Hi P_Bartell - thanks very much for your reply. I'll try to clarify my objective. Each record represents a mapped well sample showing the results (concentrations) of many different PFAS compounds (each compound is a different field). Three sources of contamination are possible in my study area: (1) an air deposition source, which presumably is associated predominantly with the compound "PMPA", (2) a process waste source, which presumably is associated with "PFMOAA", and (3) a mixture of both air deposition and process waste. Of course, the world is not so neat and tidy, so both of those compounds (PMPA and PFMOAA) will occur in nearly all of the wells, regardless of their proximity to a either source, plus other compounds of course. It's the relative concentrations of the compounds that will help identify whether the well is impacted by one source or the others.
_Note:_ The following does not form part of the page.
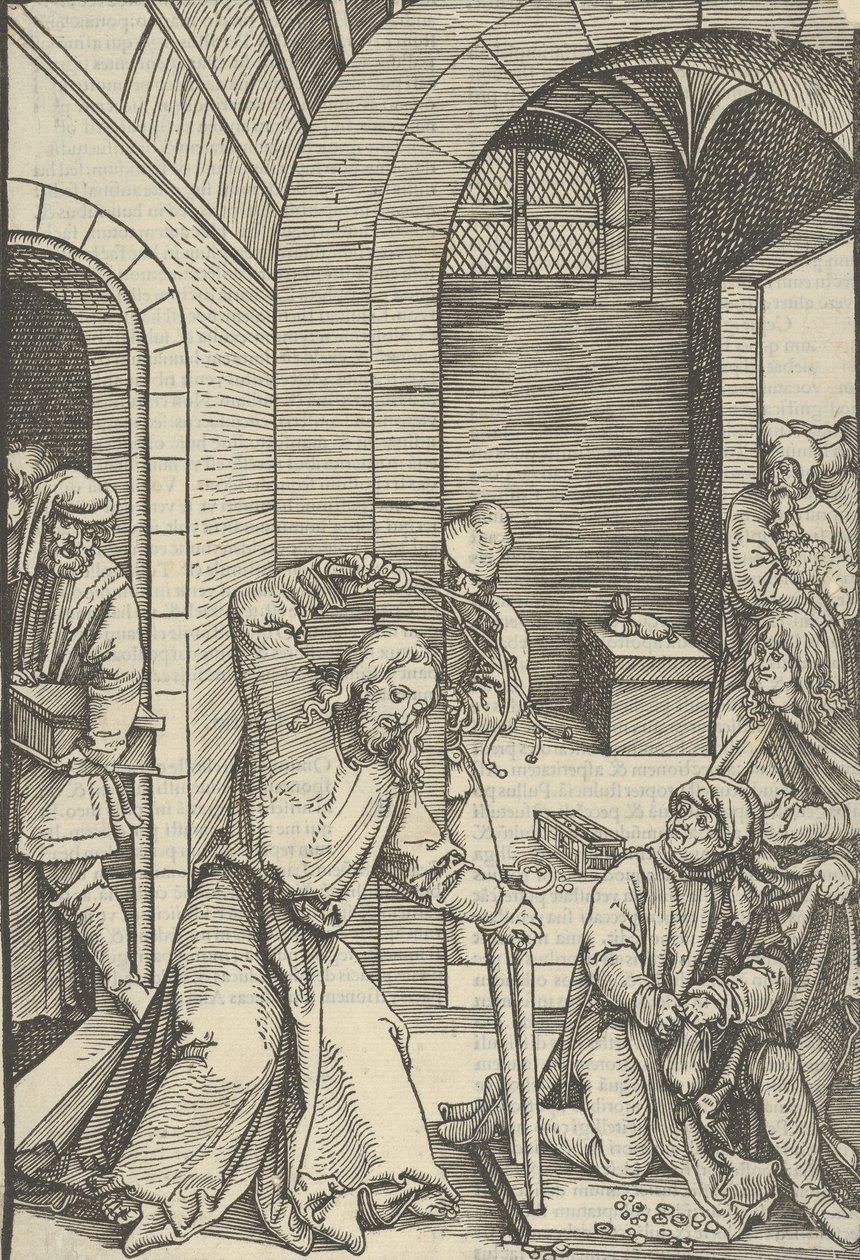 Christus zuivert de tempel, uit Speculum passionis domini nostri Ihesu Christi, 1507 door Hans Schäufelein the Elder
And, it may be that other compounds are better surrogates or indicators?....tbd.
My objective is to decide which areas (i.e. wells) are contaminated by which source. (The spreadsheet I attached is just a sample of the data but gives you an idea of my data format.) Importantly, wells farther away from a source will naturally have decreasing concentrations of the different compounds that make up that well, but the relative ratios and compounds associated with that source should continue to hold. So a well's location is part of the story (i.e. where a well is can effect its compound makeup).
So, given the above, if you still think that discriminant analysis (DA), for example, is a good way to go, I have a couple of questions. (1) Aren't my samples (well results) supposed to be independent? And based on my description above, would they be? It seems that they are not truly independent as those close to one source type would be more like those located close to a different source. Thoughts? (2) The concentrations of each of my PFAS compounds (independent variables) is supposed to be normally distributed. Given that these are environmental contaminant data, this assumption is often not met, sometimes even with log normalizing. Is this a problem? (3) It seems that my predictor variables (PFAS compounds) would naturally be colinear. In other words, a given source would be associated with a few compounds that rise and fall together, depending on proximity to that source. Is this a problem? Thanks in advance!